From once being seen as extra work, backyard farming has become a community activity. Those who decided to join [the ARK program] danced Zumba on basketball courts and held vegetable costume contests to kick off the planting cycle. And families make a day out of going to market. - CNN
To scale up further, Ayesha is working on a “playbook” communities can use to replicate the Feed Back model themselves, as opposed to working directly with ARK trainers. That lowers costs and can extend the program’s reach. Ayesha’s current goal is for Feed Back to reach 1 million people in the next three years, and from there to keep scaling globally, so farmers and fisherfolk never go hungry again.
THE PERSON
During the Marcos regime, the Philippines was under martial law from 1972 to 1981. Ayesha’s parents decided to emigrate and moved the family to the U.S., settling first in Oakland, California, then in New York. Ayesha attended private schools and was accepted to a top New York charter school, but she was told she would need to repeat a grade. Already frustrated by the covert discrimination she encountered as a Filipino-American, Ayesha left in defiance and opted to attend public school for the first time.
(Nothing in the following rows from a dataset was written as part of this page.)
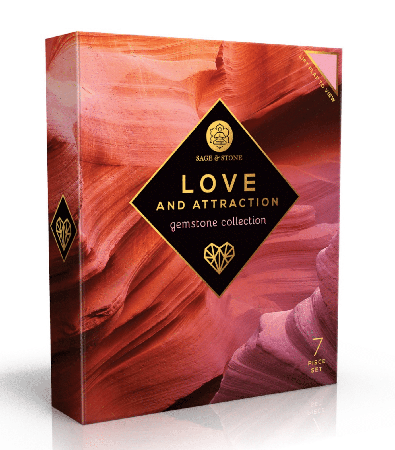 Love and Attraction Gemstone Collection Kit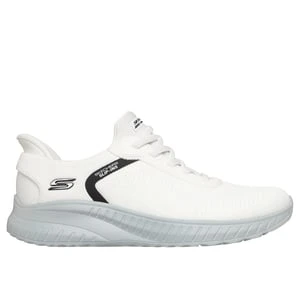 Skechers Slip-ins: BOBS Sport Squad Chaos - Bialy/Szary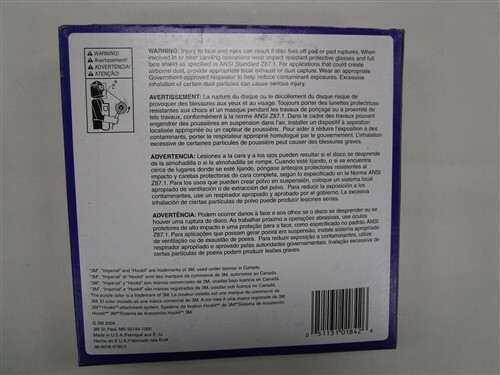 3M IMPERIAL HOOKIT SCHLEIFSCHEIBEN 734U (25ER SET) 01842 P120 - Bild 2 von 4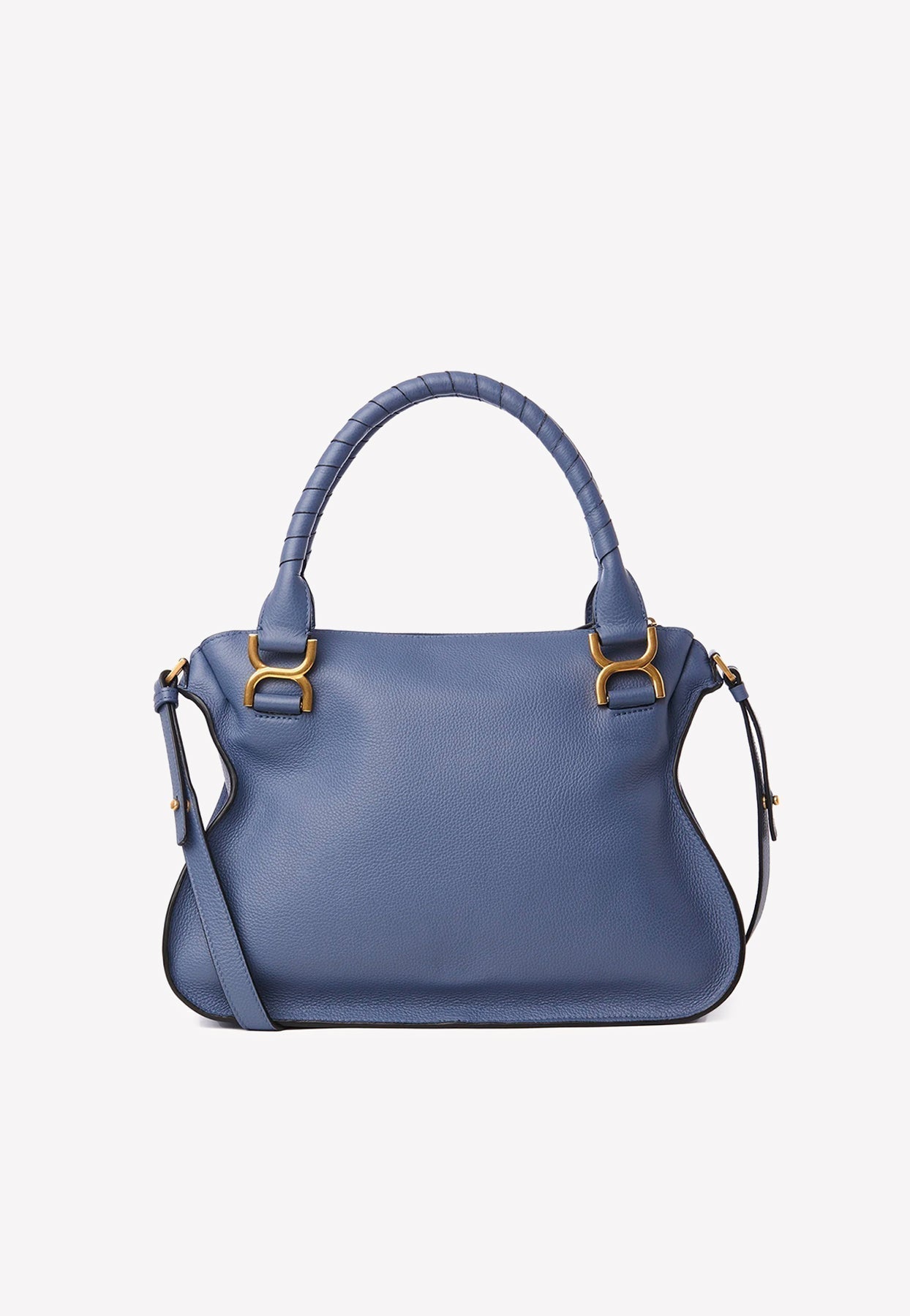 Moyen Marcie Sac à Main en Grained en Cuir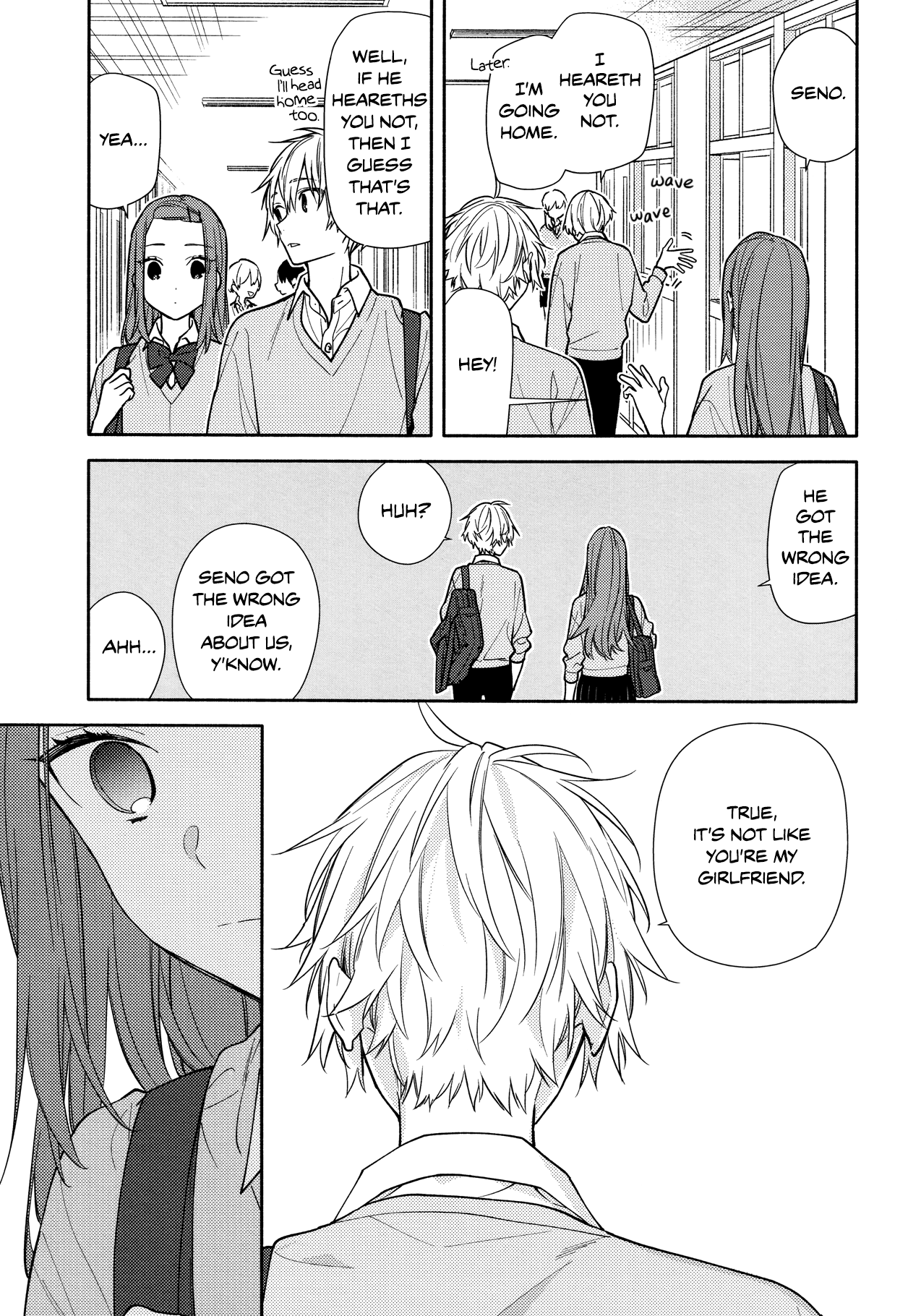Read Horimiya En Manga Online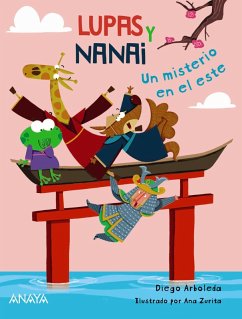 Cover Lupas y Nanai. Un misterio en el este (eBook, ePUB)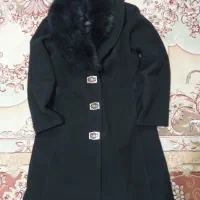 پالتوی مشکی جنس فوتر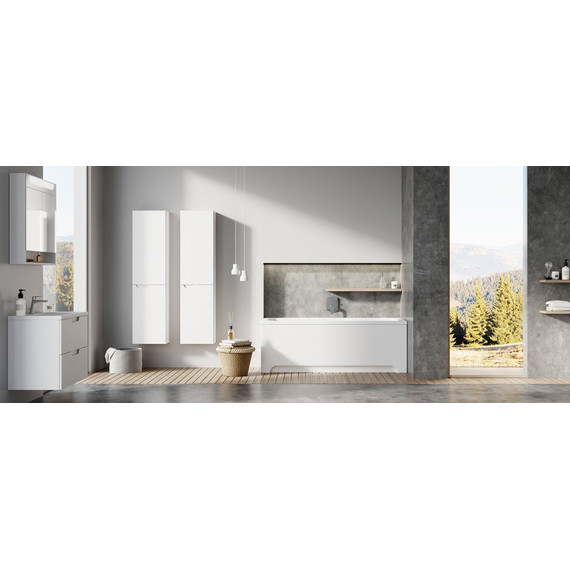 Ванна акриловая Ravak Classic II 120х70 см CC11000000, Размер - мм: 1200х700 - 6 Ванна акриловая Ravak Classic II 120х70 см CC11000000, Размер - мм: 1200х700 фото 6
There she encountered more racial and ethnic diversity and felt the desire to connect with her Filipino roots. She participated in Filipino-American activities in high school and at Mount Holyoke College, where she studied biochemistry and the politics of the developing world. She took an executive MBA degree from Columbia University and went on to a successful career in finance, becoming the youngest director at BNP Paribas, handling billion-dollar leveraged buyouts and mergers and acquisitions.
Her family had kept their farm in Capiz on Panay Island in the Philippines, and in 2006, Ayesha’s mom asked if she would invest. She agreed on the condition that the farm would become fully organic and sustainable. She began spending time in Capiz, using her biochemistry knowledge to help the farm transition. It became the first farm in Capiz to go back to organic and regenerative methods, emulating the way it had been run by her grandparents.
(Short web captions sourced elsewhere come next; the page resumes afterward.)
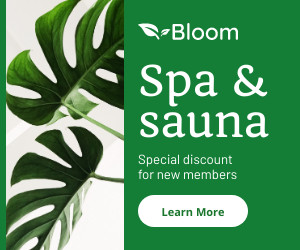Spa and Sauna Special New Member Discount 300x250 template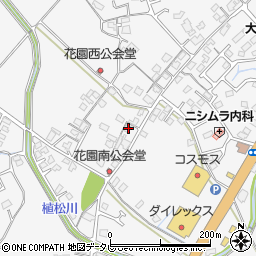 山口県宇部市東岐波2212周辺の地図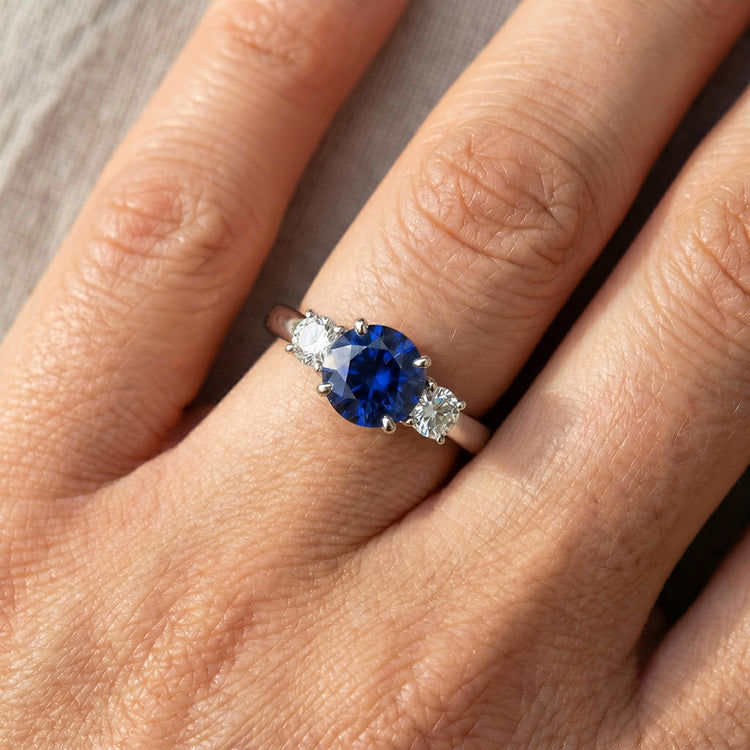 Bague Diamant Naturel 2 Carats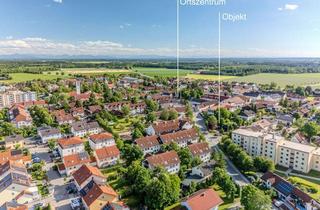 Grundstück zu kaufen in 85640 Putzbrunn, XXL Einfamilien- oder Doppelhaus / KAUF GEGEN GEBOT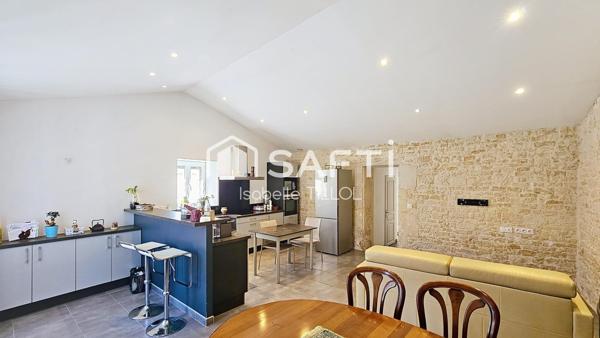 Maison plain pied hyper centre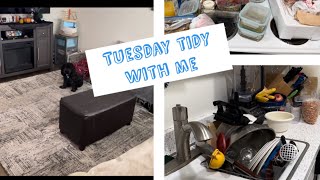 Tidy up with me cleaning crochet [upl. by Anomahs292]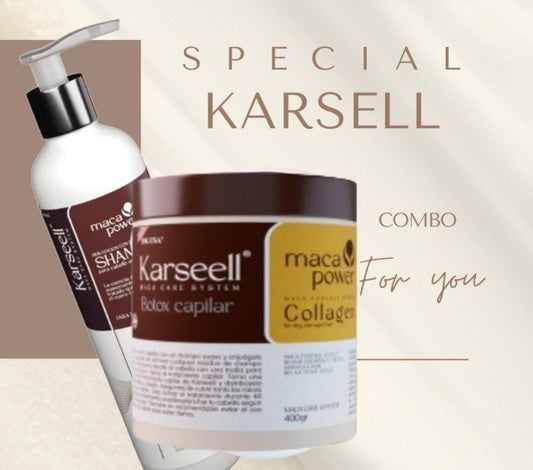 Combo Karseell – Hidratación Profunda y Reparación Total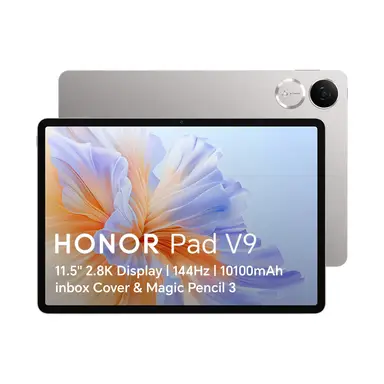HONOR Pad V9 11.5-inch WiFi - 256GB - Grey (w/ Flip Cover & Pen)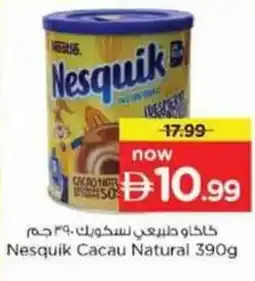 Nesto Nesquik Cacau Natural offer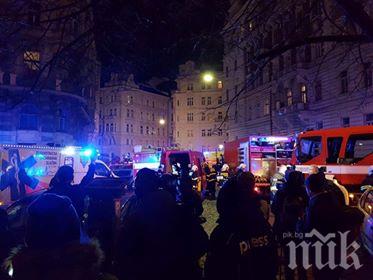 ИЗВЪНРЕДНО В ПИК! Огненият ад в Прага взе още жертви в известен хотел (ВИДЕО/СНИМКИ)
Recruited by a local teacher to help support the schools in Capiz, in 2008 she met with parents to ask them what they needed. She was surprised to learn the help they wanted most wasn’t with infrastructure or school supplies, it was to address student hunger. When Ayesha asked how that could be done, a parent answered, “the same way we fixed the roof – we partner!”
That was the germ of ARK. She quit her full-time job to focus on ending rural hunger and malnutrition by working with communities as full partners and leaders of the solution. She drew on her experience in finance to create new co-investment structures that provided the support rural communities would need to buy in and get started, and a pathway for their ventures to become self-sustaining quickly.